• _EXERCISE REQUIREMENTS_: Copy nothing but the text: repeat each entry exactly and drop the images.

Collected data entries
::::

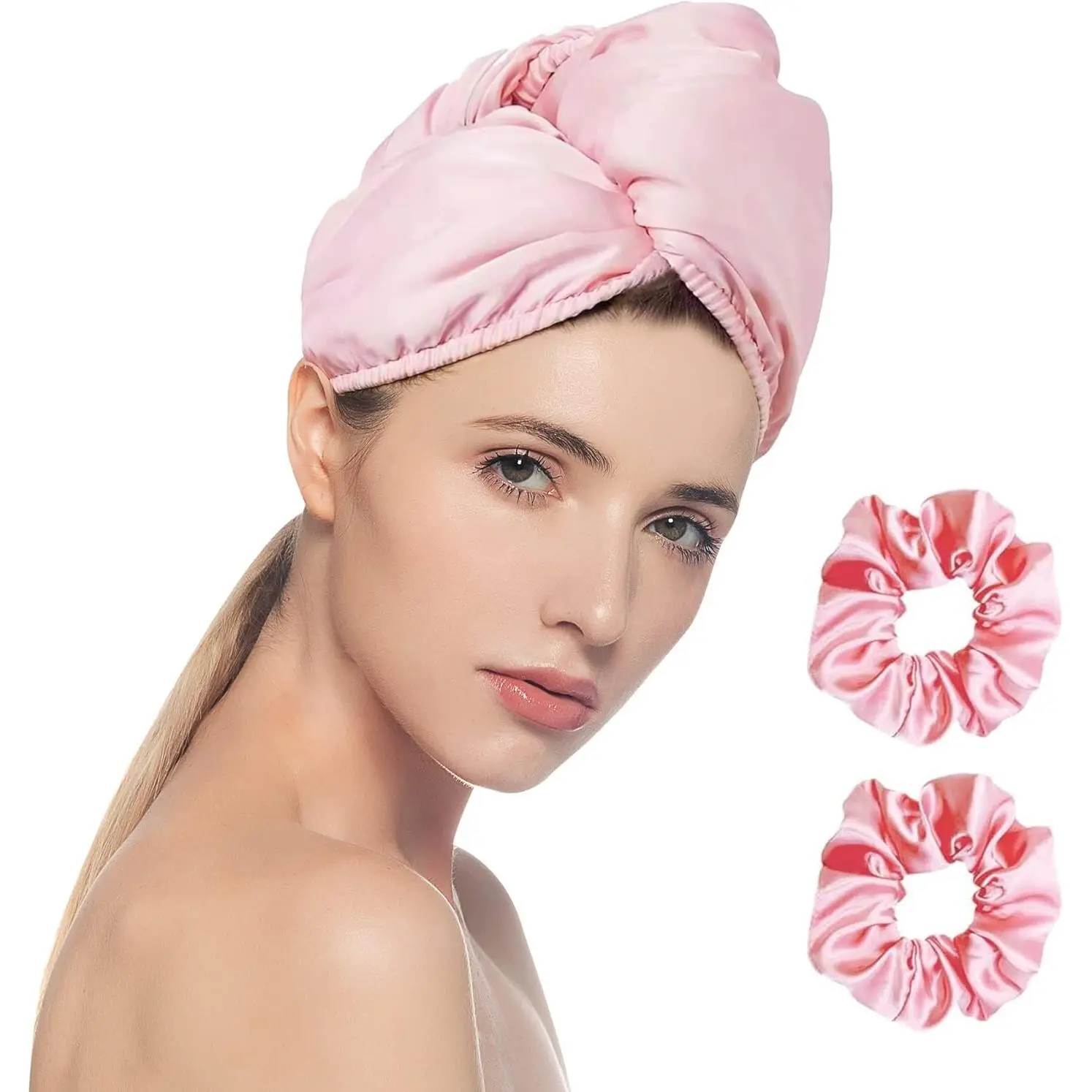 Satin Hair Towel Wrap - Satin Silk Hair Wrap for Sleeping, Large Hair Wrap Towels with Scrunchies, Anti Frizz Hair Drying Towel Wrap for Women , Hair Towel Wrap for Long Hair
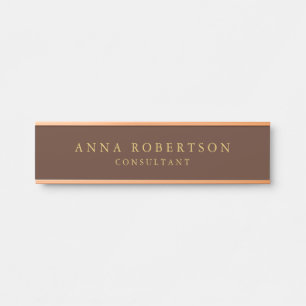 Professional minimalistisch bruin Roos Gold Colors Deurbordje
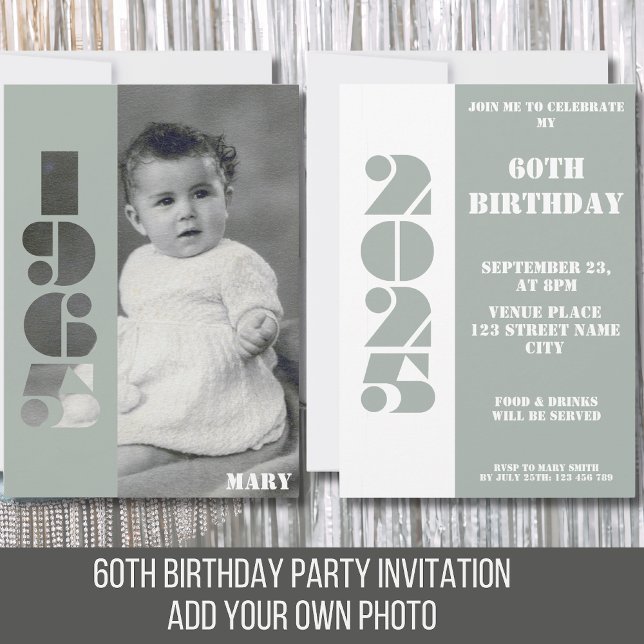 Invitación Nacido en 1965 foto 60 cumpleaños fiesta de invita (Subido por el creador)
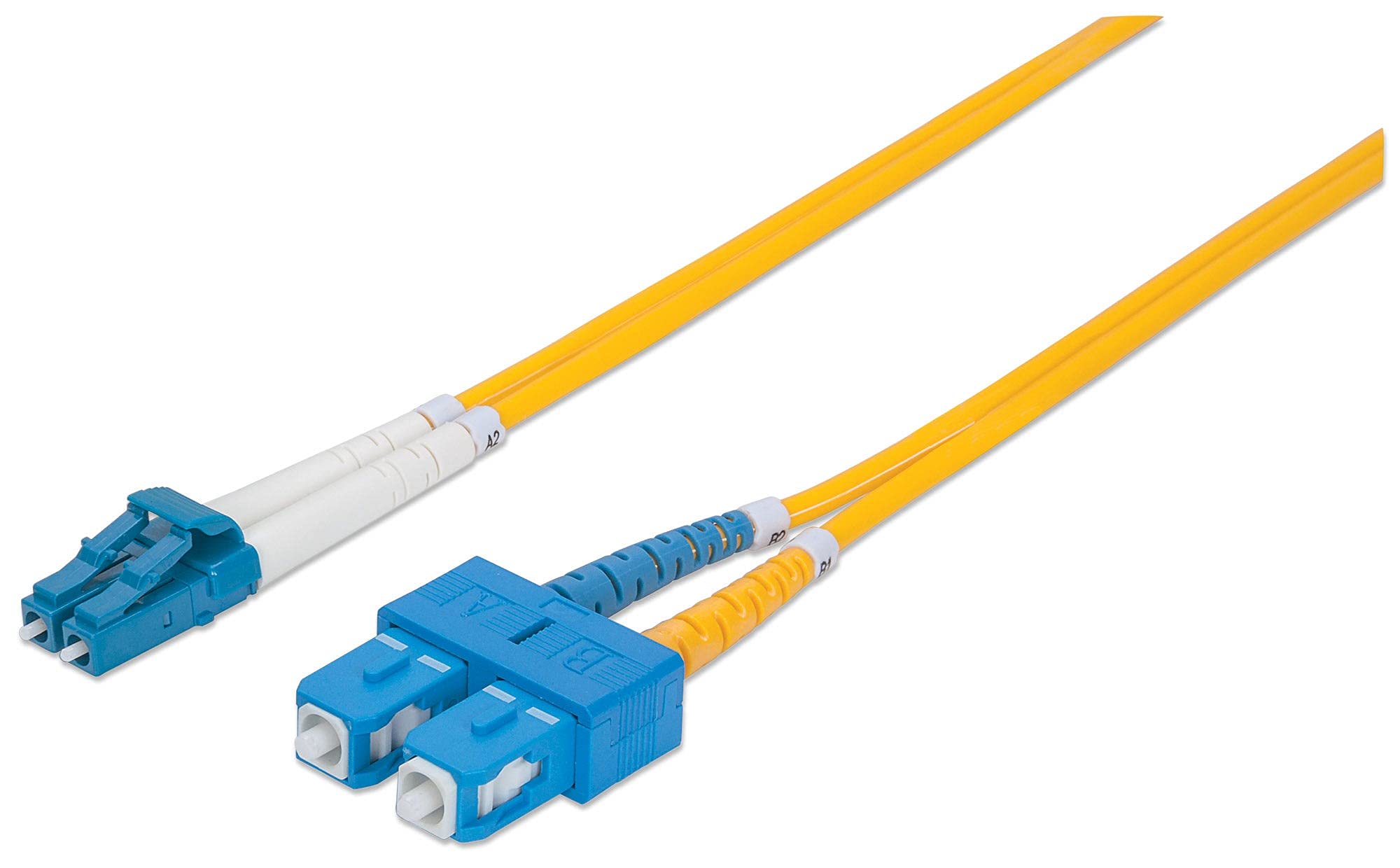 Fibre Optic Patch Cable, Duplex, Single-Mode, LC/SC, 9/125 µm, OS2, 1 m, LSZH, Yellow, Lifetime Warranty — image 1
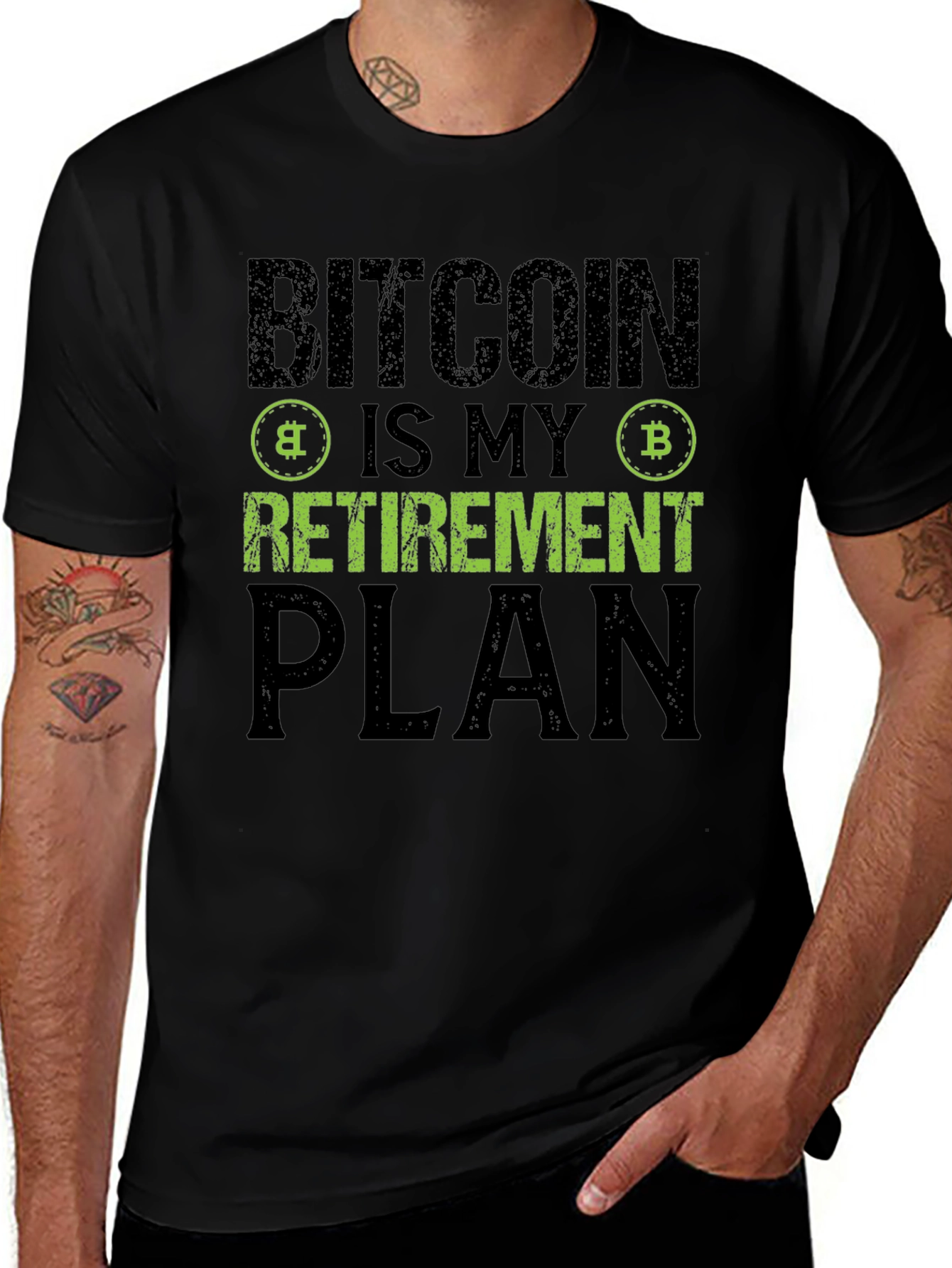 Bitcoin Retirement Plan Black T-Shirt Crypto Investor
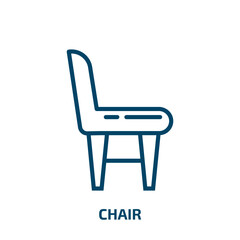 Poster - chair icon from camping collection. Thin linear chair, armchair, seat outline icon isolated on white background. Line vector chair sign, symbol for web and mobile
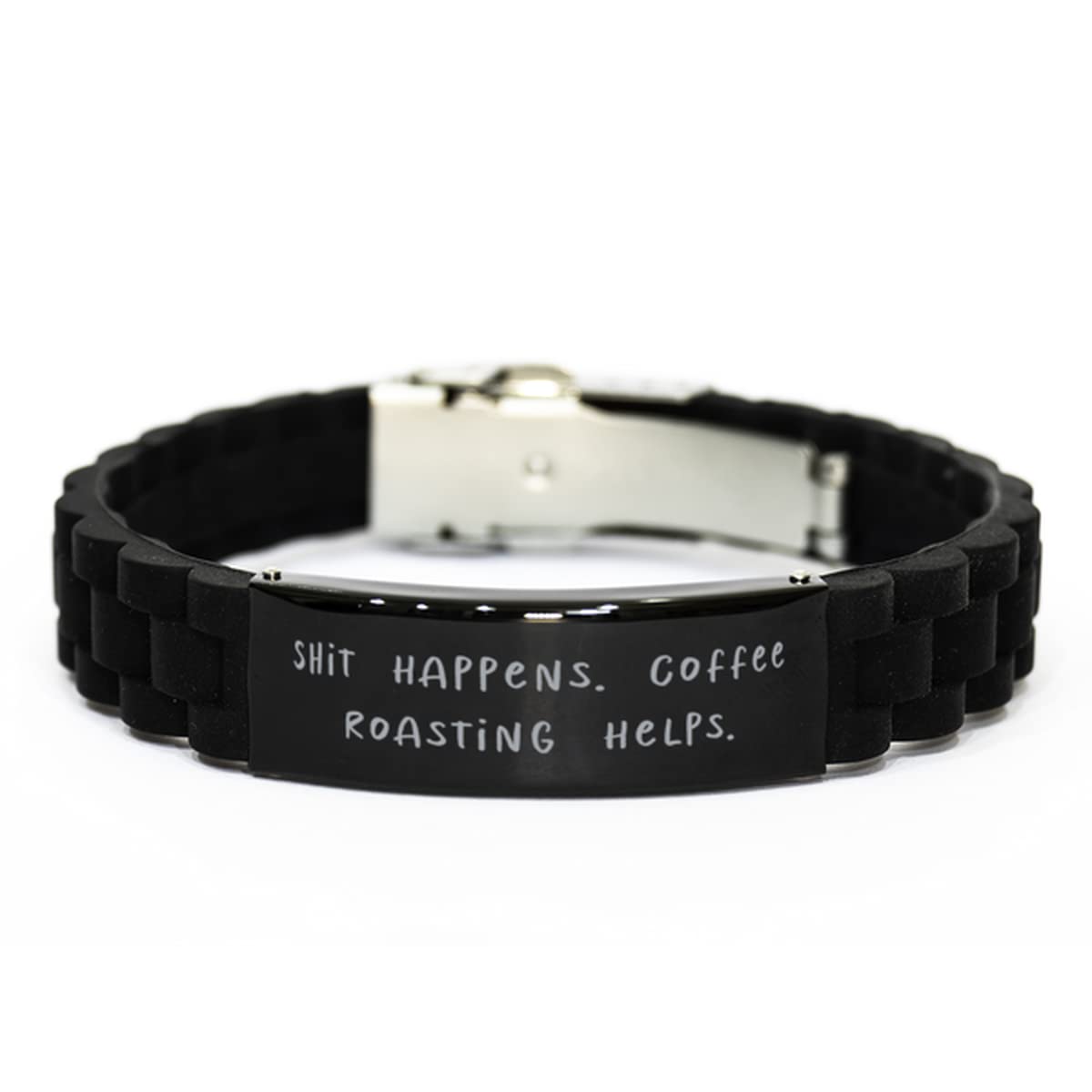 Special Coffee Roasting, Shit Happens. Coffee Roasting Helps, Holiday Black Glidelock Clasp Bracelet for Coffee Roasting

::::

• _OUTPUT OF THE TASK_:
 Satin Hair Towel Wrap - Satin Silk Hair Wrap for Sleeping, Large Hair Wrap Towels with Scrunchies, Anti Frizz Hair Drying Towel Wrap for Women , Hair Towel Wrap for Long Hair
 Professional minimalistisch bruin Roos Gold Colors Deurbordje
 Invitación Nacido en 1965 foto 60 cumpleaños fiesta de invita (Subido por el creador)
 Fibre Optic Patch Cable, Duplex, Single-Mode, LC/SC, 9/125 µm, OS2, 1 m, LSZH, Yellow, Lifetime Warranty — image 1
 Bitcoin Retirement Plan Black T-Shirt Crypto Investor
 Poster - chair icon from camping collection. Thin linear chair, armchair, seat outline icon isolated on white background. Line vector chair sign, symbol for web and mobile
 Special Coffee Roasting, Shit Happens. Coffee Roasting Helps, Holiday Black Glidelock Clasp Bracelet for Coffee Roasting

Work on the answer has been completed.